During the final four minutes of the intense CIF championship game, Abbey Cook (‘23) spotted the ball on the field, ran up, and delivered a swift kick. This goal secured the team’s ascendance to first place in the championship.
Abbey has always had a habit of scoring multiple goals, ever since she began practicing soccer at the age of four. She began on AYSO (American Youth Soccer Organization) teams when first learning how to kick the ball. Funnily enough, during her first-ever soccer practice, the coach told her to dribble the ball, and she started bouncing the soccer ball like a basketball.
She quickly picked up the sport, though. Her parents noticed that while her teammates would bunch up and all run towards the ball, she would stand by the goal, and wait for the ball to pop loose, so she could get it and score. This is where her mom began to see her athletic talent shine through.
“My mom said, ‘Oh wow, she’s actually really good,’” Abbey said. “My dad said, ‘She’s seven. If she’s still scoring goals by the time she’s seventeen, then maybe we have something special.’ I just kept scoring goals. I still love it just as much as I did twelve years ago.”
Ever since Abbey started playing soccer, she’s dreamed of playing division one in college. There was never a doubt in her mind that she would be achieving this goal. Although Abbey was adamant about her dream, she never faltered in keeping up with strong academics and consistently being high achieving in various areas of school.
During her soccer career at Webb, she earned the position of co-captain of the VWS Varsity team. Coach Malick Mbengue selected her because of her ability to talk to her teammates, and how she acts on and off the field.
“She’s vocal in terms of talking to her teammates [and] talking to me as a coach when she has some feedback,” Coach Mbengue said. “What she does on the field speaks for itself. She leads the team in both assists and goals, and I think that’s the mark of a leader. She embodies the vocal and action leader styles.”
Although Abbey is skilled at scoring goals, most of the time, she will pass the balls to her teammates as opposed to scoring them herself. Coach Mbengue believes that this is a mark of evolution, as she is someone who makes the people around her better, not simply thinking for herself and how many goals she is going to score.
“Next year, she will be continuing her leadership and mentorship,” Coach Mbengue said. “I’m hoping that she is going to use [her time] to mentor the other players, and help them develop, but also enjoy her final year in high school.”
When not playing for Webb, she participates in a club called Arsenal, a competitive organization that allows her to play soccer throughout the year.
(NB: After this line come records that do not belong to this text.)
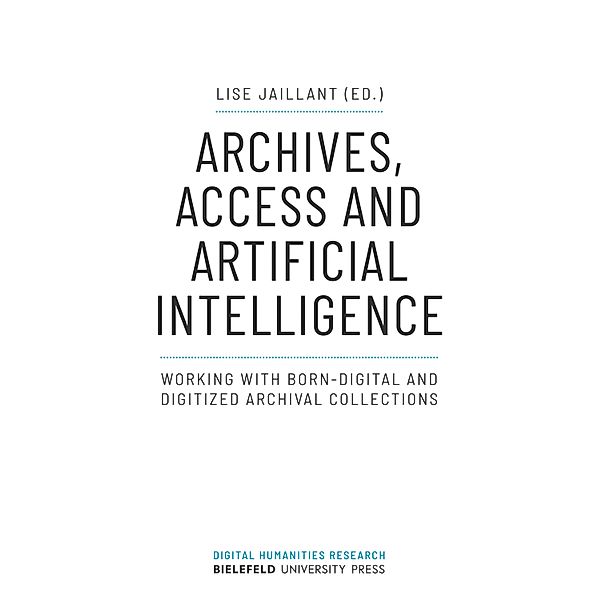 Archives, Access and Artificial Intelligence / Digital Humanities Research Bd.2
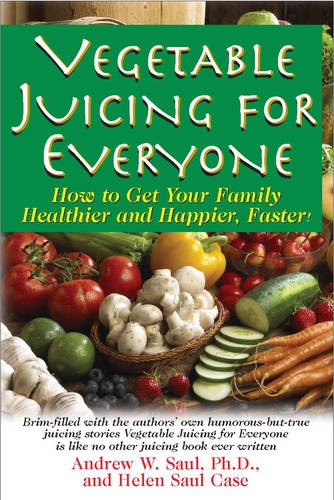 Vegetable Juicing for Everyone: How to Get Your Family Healthier and Happier, Faster! by Andrew W. Saul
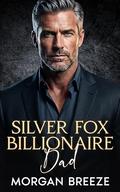 Silver Fox Billionaire Dad: An Off-Limits Enemies to Lovers Age Gap Romance by Morgan Breeze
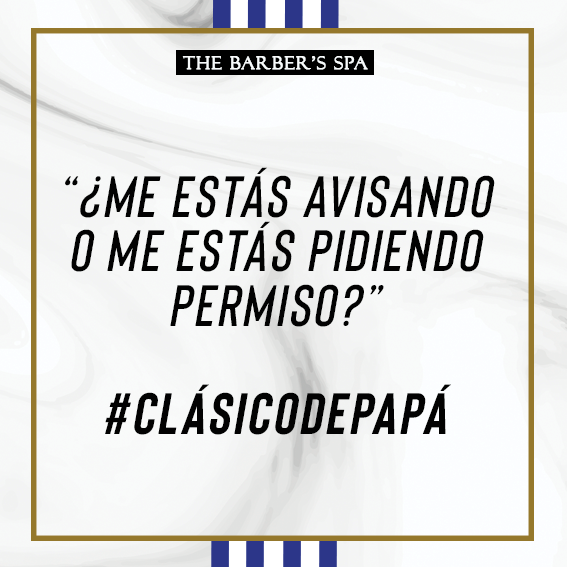 TheBarbersSpaMx's tweet photo. ¿Te suena familiar? ¡Dinos una frase típica de tu papá! #Clásicodepapá #LasFrasesdePapá https://t.co/wzLKCo8G7N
The main difference between the two is that high school sports are much less intense and leave more room to enjoy the time spent and socializing in practice. Club soccer is much more intensive, where players cannot afford the same luxury of conversing in between drills.
“[Webb soccer] is fun because it’s people you go to school with and hang out with every day,” Abbey said. “You’re playing with your friends.”
Her internal motivation is primarily to continue to get better at every practice, to score more goals, and to keep breaking records. She has a lot of support from her parents, who are constantly proud of the success she has had as a soccer player.
The process of connecting with colleges as an athlete is complicated. Her club team promoted her well, by showing her soccer Instagram (@abbeycook2023) on fliers and posters at showcase events. Abbey would send emails to college coaches with highlights and her game schedule, and if they showed up, she would send another email thanking them, and resend the highlights from before.
Abbey continued emailing schools and coaches, until one day, she received an email from the University of Pennsylvania women’s soccer coach.
“I knew I wanted to go to a school that had good academics, I just didn’t know if academically I could go to an Ivy League school,” Abbey said. “I remember seeing the logo on the email, and thinking, ‘oh wow, this is an Ivy!’, and it was great. I’m so happy I committed to UPenn.”
Abbey’s goals for the future are to help her future university win an Ivy League championship, perhaps with recognition as the Ivy League soccer MVP.
“I’ve always wanted to play division one, so in that aspect, yes, I feel as though I’ve accomplished [my goals], but to an extent, it doesn’t really feel like it,” Abbey said. “I don’t think I’m done. If my life leads me down the path of being able to play professional soccer, that would be cool.”